■ **Exercise prompt**
Would you give again, exactly as written, the lines from the opening of the records to the line with "unfurnished bedroom featuring", that line included and pictures excluded?

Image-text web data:
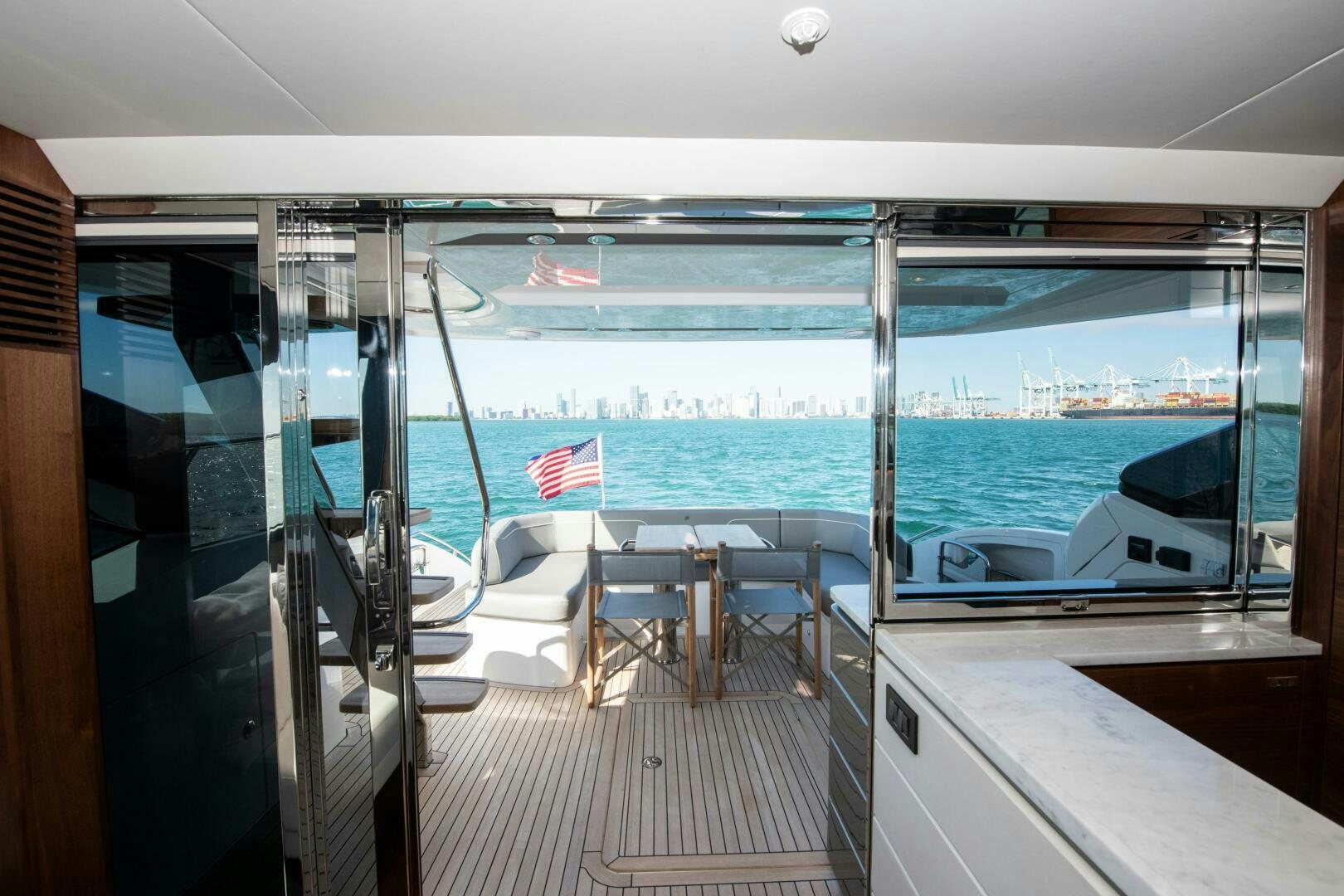 a room with a view of the ocean and a deck aboard LADY D Yacht for Sale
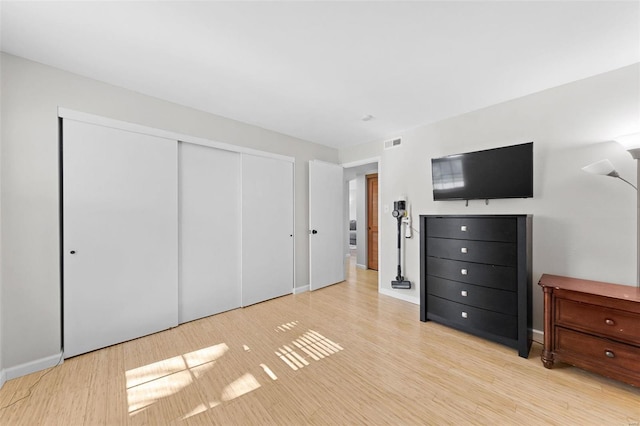 unfurnished bedroom featuring visible vents, baseboards, a closet, and light wood finished floors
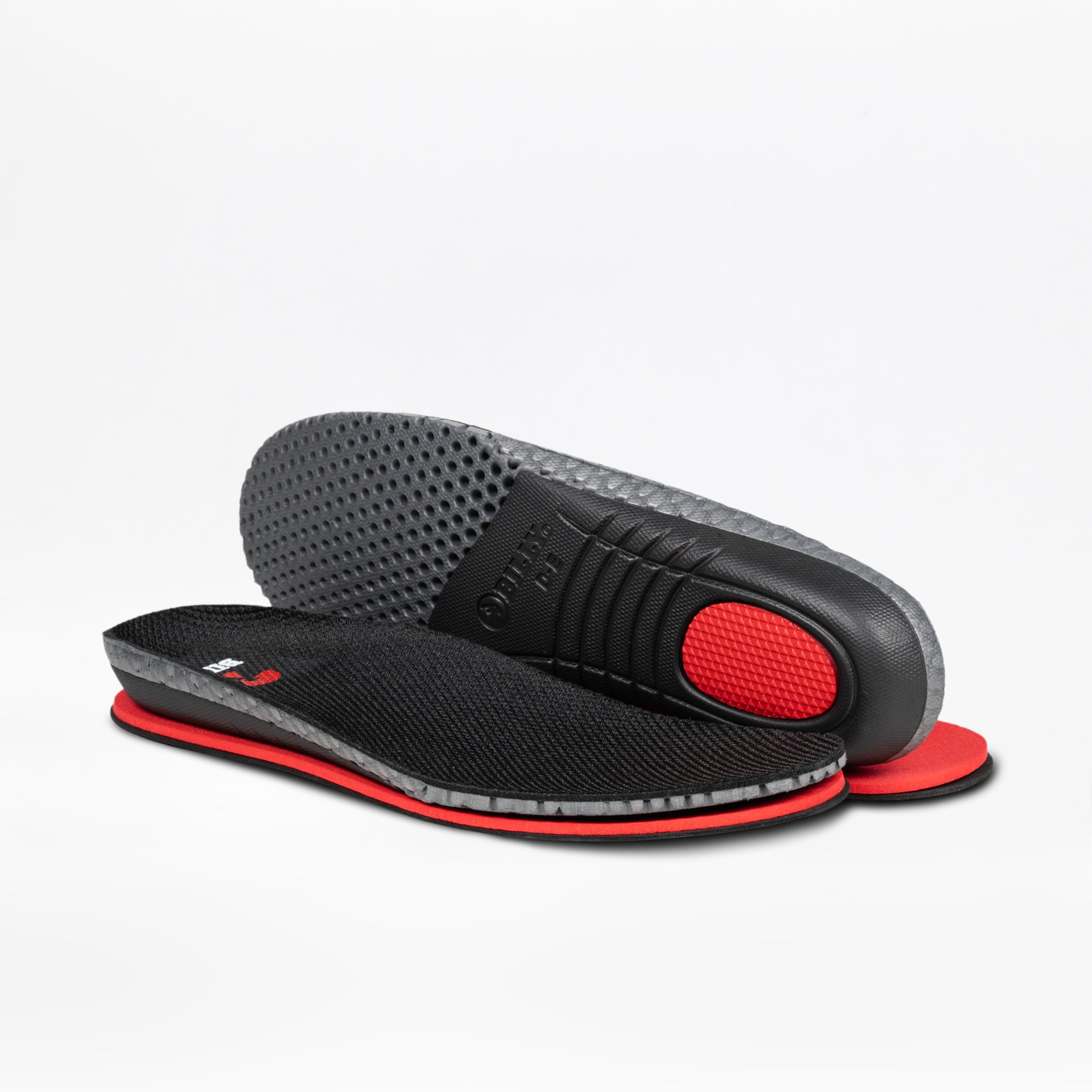 A pair of Men's Black BILLY Limitless insoles by BILLY Footwear—one flat, one angled to reveal the textured gray underside and red cushioned heel—are shown on a white background, ideal for sensory-friendly shoes.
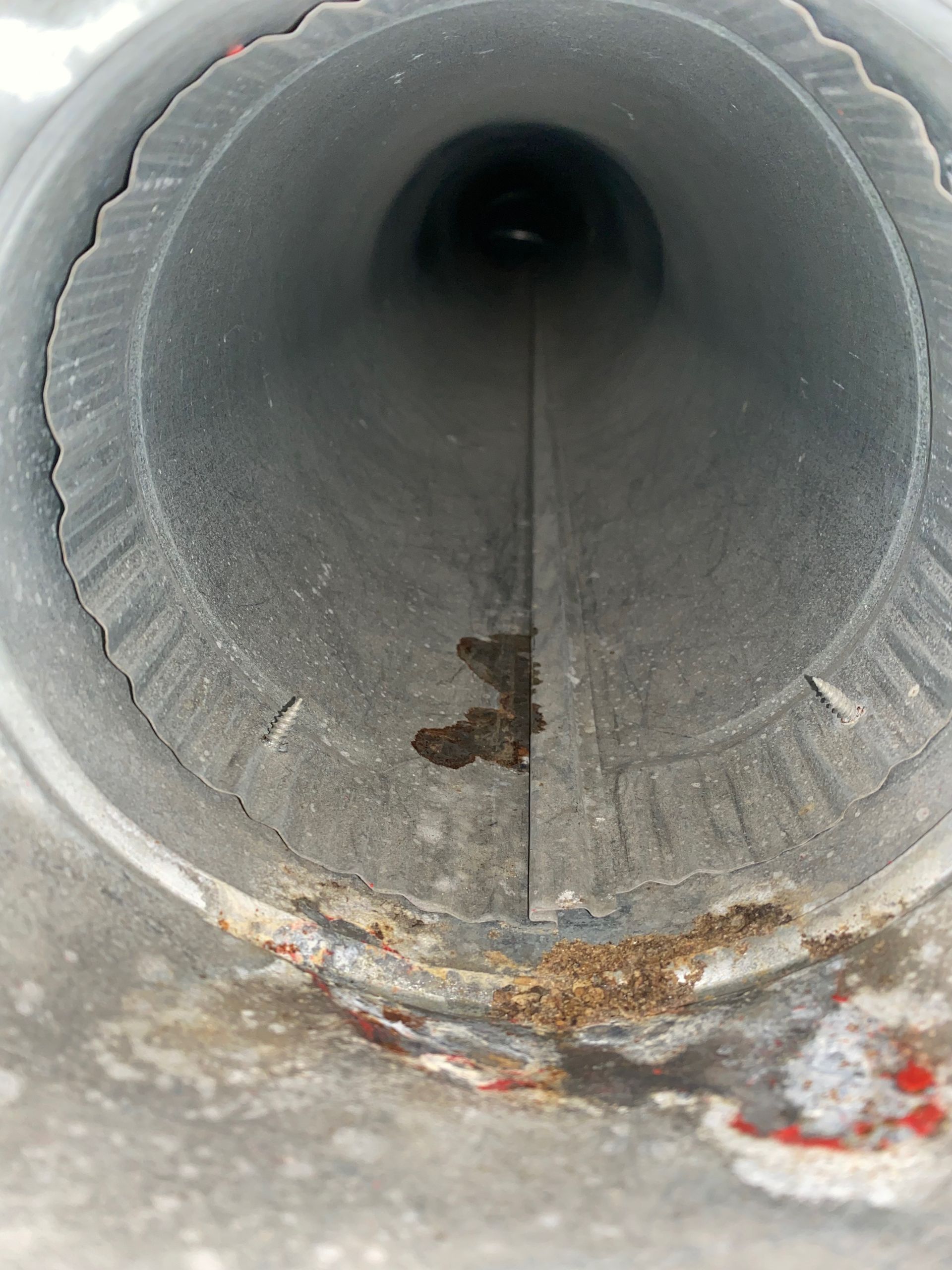 A close up of a metal pipe with a hole in the middle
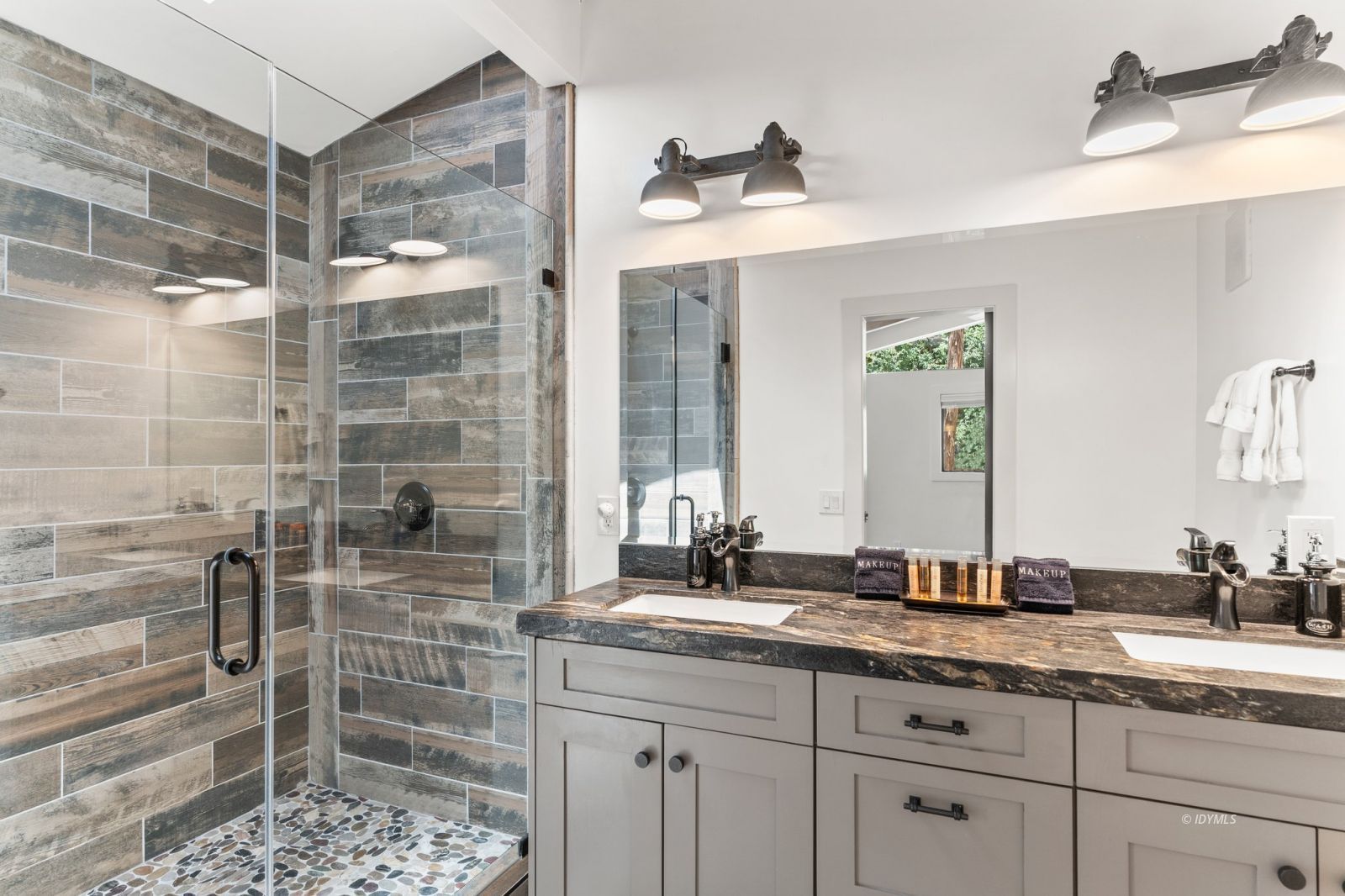 25010 Tahquitz Road Idyllwild, CA 92549 - Photo 35 of 93 a bathroom with a granite countertop sink a mirror and shower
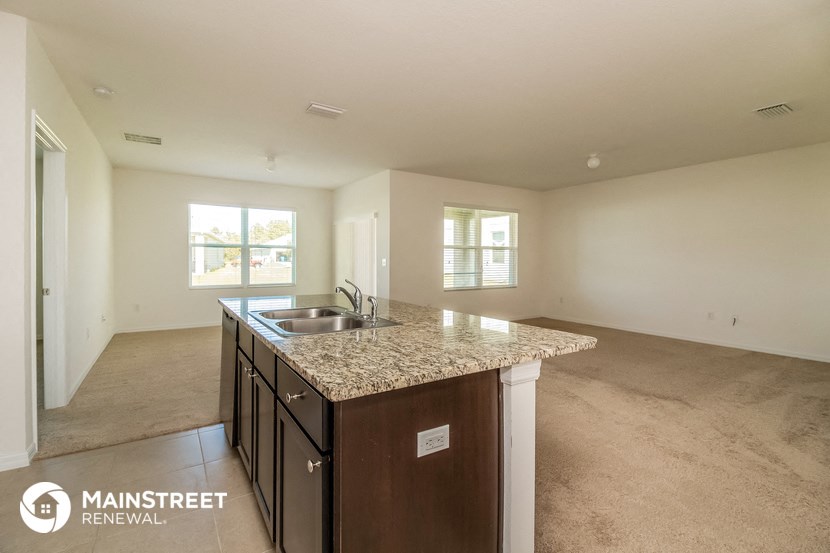an empty kitchen with a granite counter top and a sink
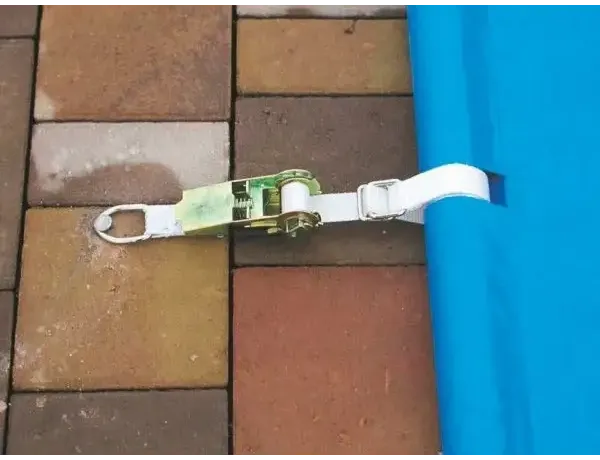 Grün-weißes Spannseil mit Ratsche sichert eine blaue Poolabdeckung mit Handbedieneinheit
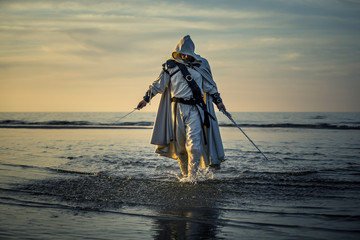 Portrait of assassin in white costume with the sword at the sea. He is posing near water during sunset, soft light. - 212040048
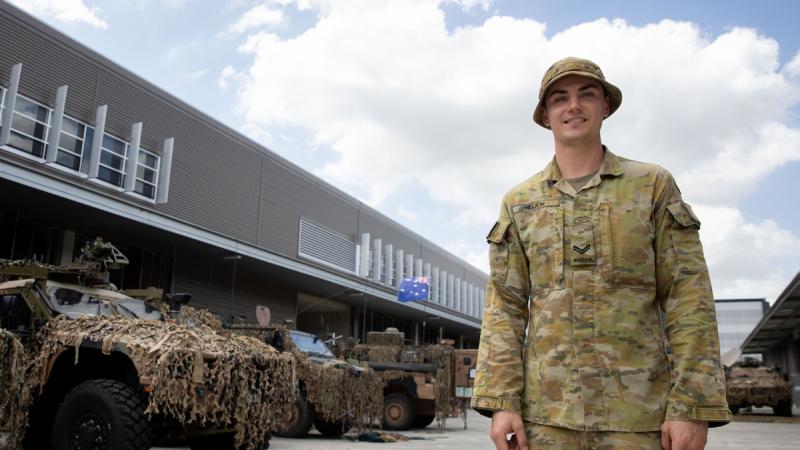 A man in uniform stands in a carpark in front of several camouflaged military vehicles.
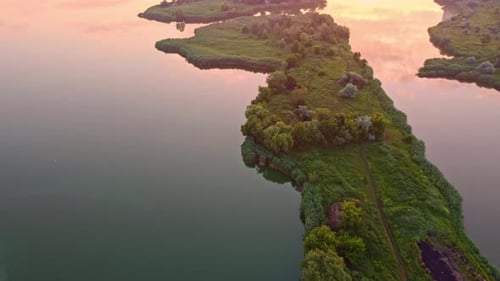 Aerial tilt up footage of sunrise on lake in city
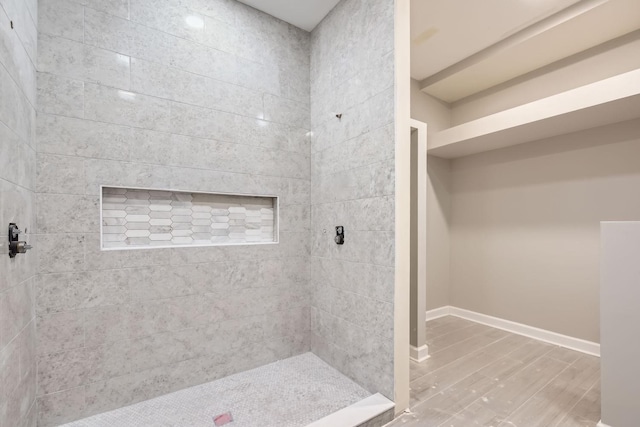 full bathroom featuring a tile shower, baseboards, and wood finished floors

■ **Response area**
 a room with a view of the ocean and a deck aboard LADY D Yacht for Sale
 unfurnished bedroom featuring visible vents, baseboards, a closet, and light wood finished floors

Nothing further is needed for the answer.